Pria tua itu mengangguk mau, setelah kembali menutup pintu kamarnya ia pun langsung melangkah menyesuaikan langkahnya dengan Altezza. Mereka masuk bersama-sama dengan kaki yang menjinjit karena takut menginjak darah yang berceceran di bawah lantai, saat masuk pun mereka dikejutkan dengan tampilan ruang tengah yang sangat berantakan. Penuh dengan puntung rokok, dan barang yang berserakan.

"Ini benar kamar temanmu, nak?!" pria tua itu merasa tidak yakin ketika mencocokkan tampilan ruangan itu dengan gaya Altezza yang sangat terlihat sopan. 

"Iya, pak. Ini memang teman saya, teman sekelas saya." ucap Altezza di tengah kewas-wasannya. 

"Astaghfirullah …," Altezza langsung memalingkan wajahnya saat melihat Risa yang hanya mengenakan pakaian serba pendek di atas tempat tidur. Sedangkan pria tua tadi tidak memalingkan pandangannya karena ia sedang mencari dari mana darah itu berasal, meski ia sedikit terkejut dengan teman Altezza yang ternyata adalah wanita. Ia pikir temannya adalah pria karena banyak sekali puntung rokok di ruang tengah.

"Nak, nak, tangannya terluka." ucap pria tua ini menepuk pundak Altezza. Dengan cepat Altezza menutup pintu kamar Risa dan menatap pria tua ini dengan tatapan cemas. "Apakah istri bapak ada di sini?! Saya mau minta tolong agar bisa memakaikannya pakaian yang sedikit tertutup sebelum dibawa ke rumah sakit. Sekarang saya akan menghubungi ambulance untuk datang ke sini," ucap Altezza.

"Baik, saya akan segera memanggil istri saya untuk membantunya berpakaian yang layak." Pria tua itu keluar dengan langkah yang sangat cepat. Altezza pun tidak bisa tinggal di sana, ia ikut keluar sambil menghubungi ambulance agar segera menolong Risa.

Altezza tidak tahu dengan apa yang sudah terjadi, di sana tidak ada tanda-tanda yang mencurigakan selain dari sebuah cutter yang tergeletak di bawah lantai. "Semoga saja masih belum terlambat," lirih Altezza dengan wajahnya yang terlihat cemas. Setelah menghubungi ambulance, ia melihat dengan sangat jelas pria tua tadi bersama dengan istrinya. Mereka berjalan cepat dengan dengan sedikit ocehan yang tidak bisa didengar oleh Altezza, ia mempersilahkan keduanya untuk masuk.
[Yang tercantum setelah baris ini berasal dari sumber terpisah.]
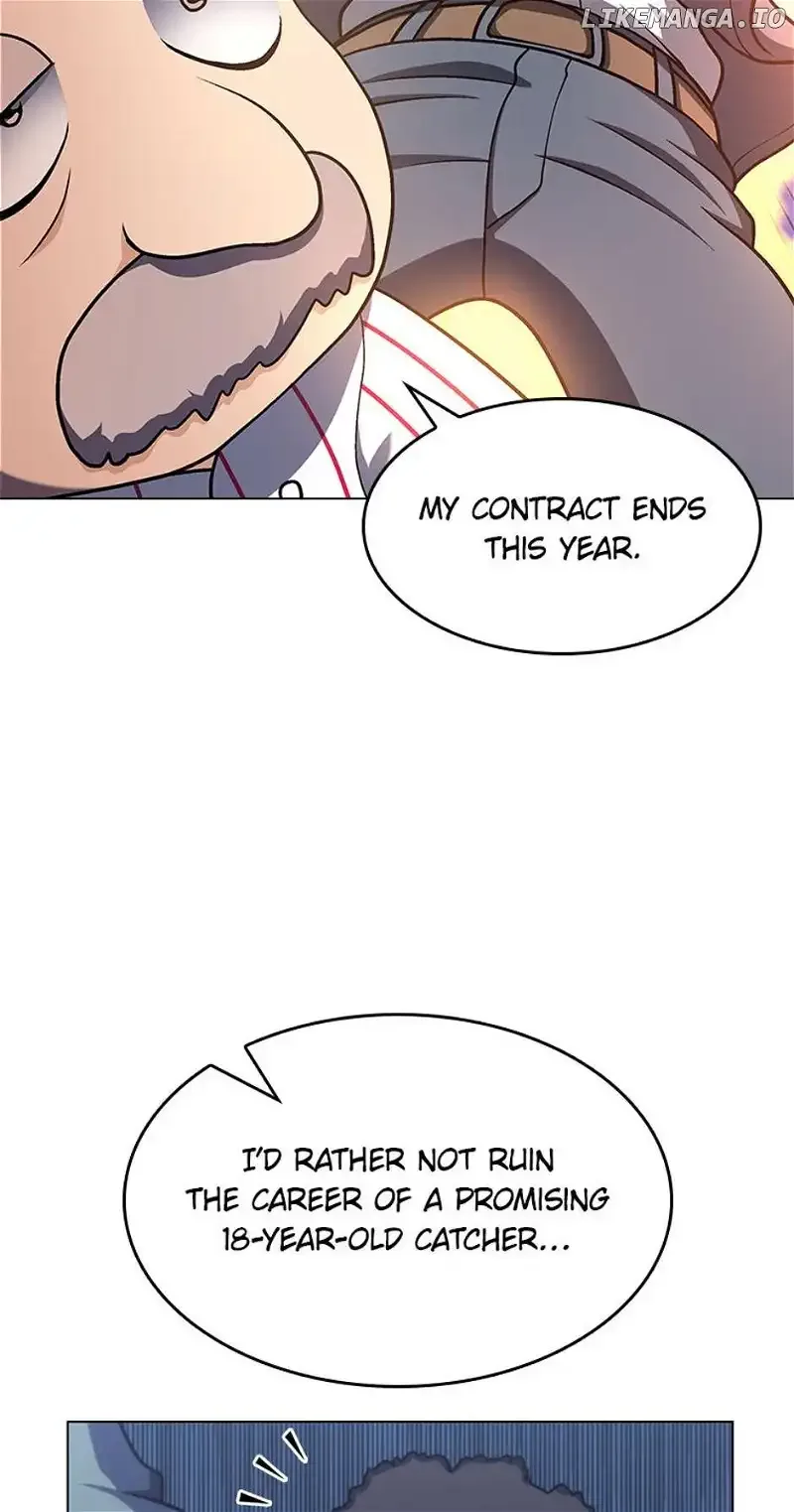 Home Plate Villain Chapter 23 page 24
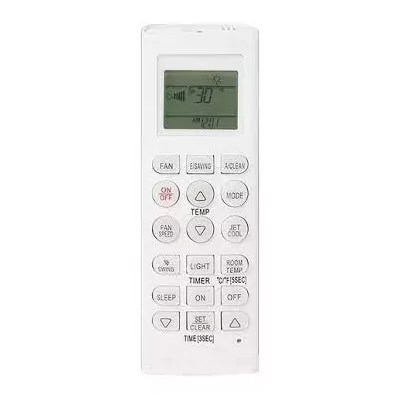 TELECOMMANDE LG CLIM A/C AKT-LG33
"Ya ampun, kamar gadis ko bisa hancur begini, sih?? Heran," gerutu istri pria tua tadi sambil menggeleng-gelengkan kepalanya. Lantas ia pun masuk ke kamar Risa tanpa takut melihat apa yang sudah terjadi, karena ia termasuk emak-emak pemberani. Sedangkan Altezza hanya bisa menyandarkan punggungnya di dinding ruang tamu, ia mengamati ruangan itu dengan perasaan tidak percaya. "Sebegitu hancur kah hidupmu, Risa?! Sampai kau enggan untuk membereskan tempat tinggalmu sendiri." Altezza membatin.